One thing that was really noticable to me going back and forth from the UK to the US (West Coast) was that all the cars in the UK looked new, by US standards. I don't know if it had to do with their inspections being more strict or the fact that a large subset of USians take a strange pride in driving a cheap car for as long as humanly possible. I live on a street of $500K houses and I don't think there's a new car on it. Several are 1950s vintage daily drivers, and my 14 year old Jetta is certainly not the junkiest of the rest.

Maybe it's because we can't afford car payments? :)
posted by fshgrl at 8:06 PM on January 24, 2008


Felt like there could've been far more to the film than there was in the end. Three minutes? Take an old car, fix it up, drive it to Morocco, and we only get three minutes of film?

why doesn't this wrecker work on some of these cars he's so annoyed about cubing?
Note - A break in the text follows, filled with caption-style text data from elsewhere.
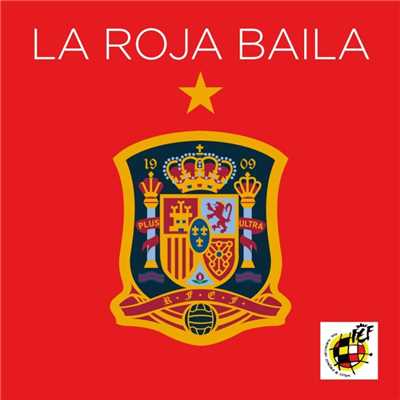 La roja baila (Himno oficial de la seleccion espanola)/Sergio Ramos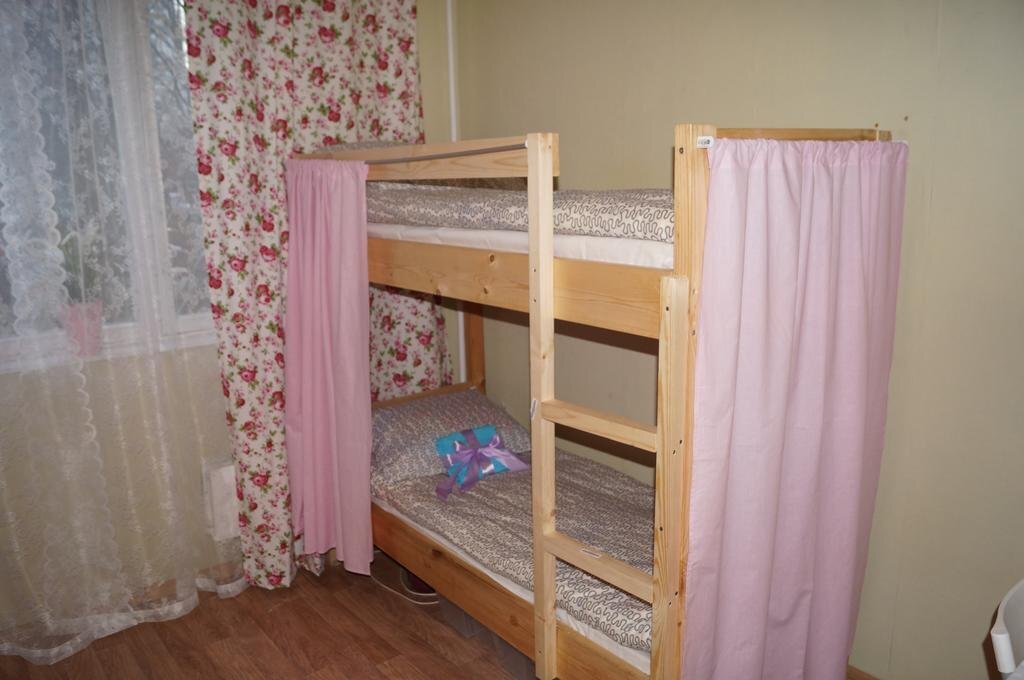 Москва: Flower Yard Hostel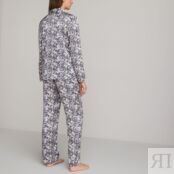Пижама С цветочным принтом 44 (FR) - 50 (RUS) разноцветный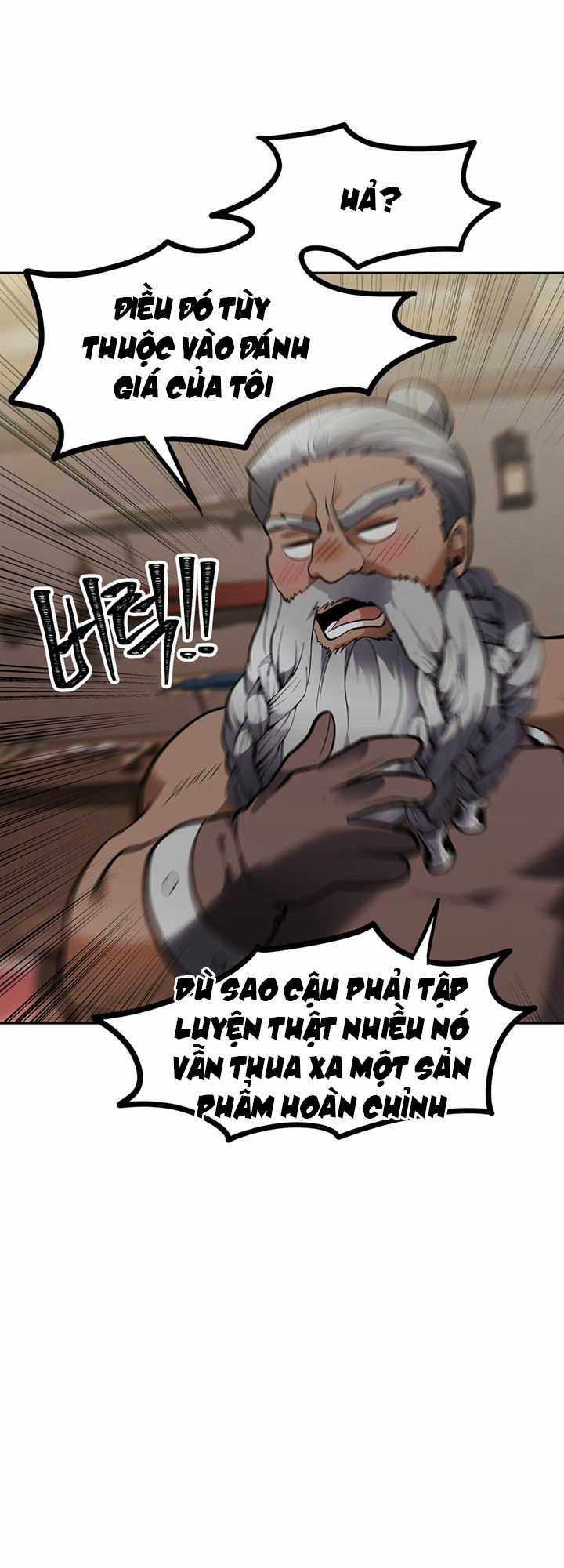 Vua Thăng Cấp Chương 43 trang 48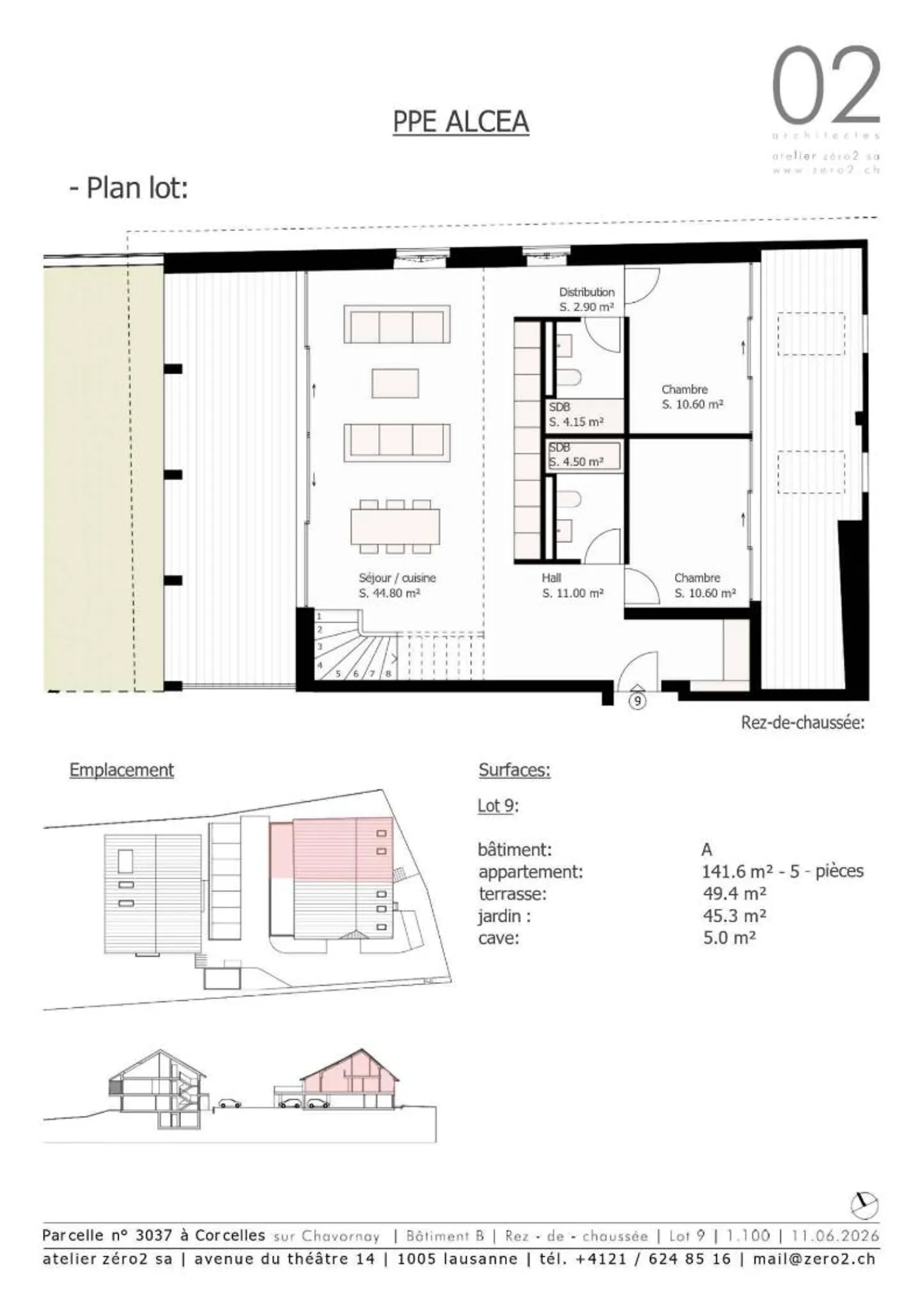 Reihenhaus mit 5 Zimmern - Foto 8 von 13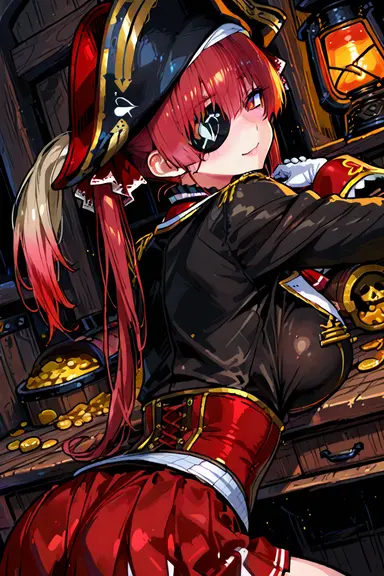 Avatar of Houshou Marine - Payday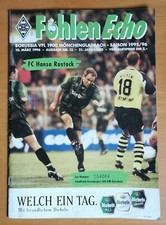Fohlen Echo - Borussia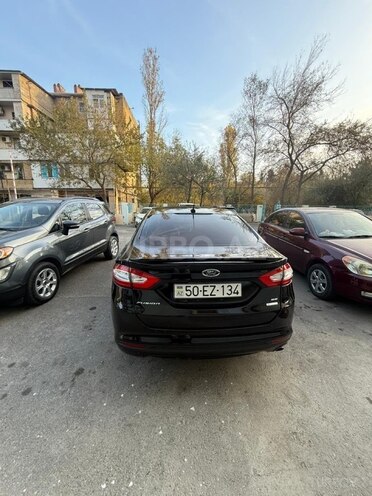 Ford Fusion (North America) 2016, 97,549 km - 1.5 л - Şamaxı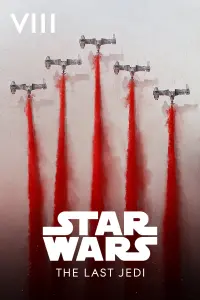 Poster to the movie "Star Wars: The Last Jedi" #28101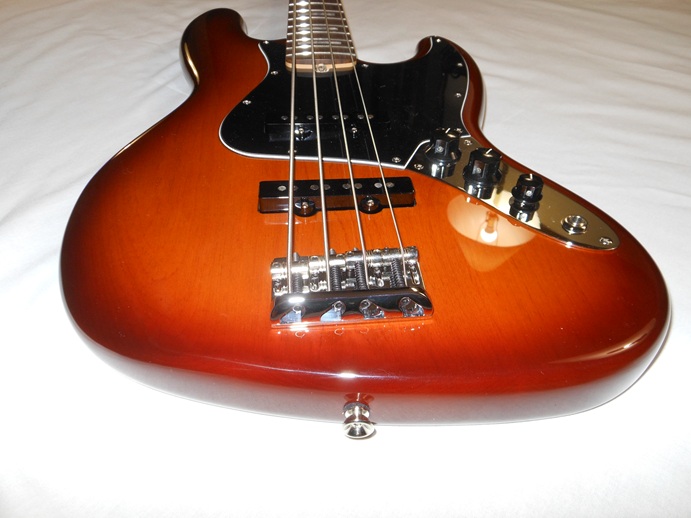 Mod Shop Jazz Bass Picture 12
Probably because it's more profitable to crush the cars and sell them for scrap. Even for him.
posted by chrominance at 8:21 PM on January 24, 2008


This is why we don't buy new cars in my house. Every car and motorcycle we get is used and simple enough for me to fix. But it's not a green thing - I just hate mechanics.
posted by 1adam12 at 8:55 PM on January 24, 2008


I think the reason why people dump their cars for a newer one, instead of working on the one they have, is all the fancy gizmos they stick in these suckers now-a-days.

Not true in our household. We dump our cars for a newer one at the point at which they become unreliable. Cars seem to reach a certain age/mileage when one of two things happens: either they develop an intermittent fault, at which point the cost of continuously taking it to the garage while they repeatedly try and fail to fix a fault they can't identify becomes greater than the value of the car, or you start seeing repeated parts failures and once again, the cost of replacement starts to become greater than the value of the car.

At that point, it makes much more sense to spend a little more money for a much newer car that you'll get another 100,000 miles out of, without having to spend any significant money on the damn thing, shoot for that three or four year old, low mileage sweetspot that maximizes your car for the money, while minimizing your own depreciation.

The last car we got rid of was a Honda Civic that we bought at three years old with 30,000 miles on the clock, and ran up to 190,000 over the next ten years or more without any significant expenditure on. When it started to become unreliable, we tried to give it away but nobody would take it, so we stuck it in Automart and sold it for £500 instead.
posted by PeterMcDermott at 1:40 AM on January 25, 2008


Three minutes? Take an old car, fix it up, drive it to Morocco, and we only get three minutes of film?

It was made for a documentary series called 3 Minute Wonder (some of the films work brilliantly within the constrained running time, but most are a bit frustrating, like this one).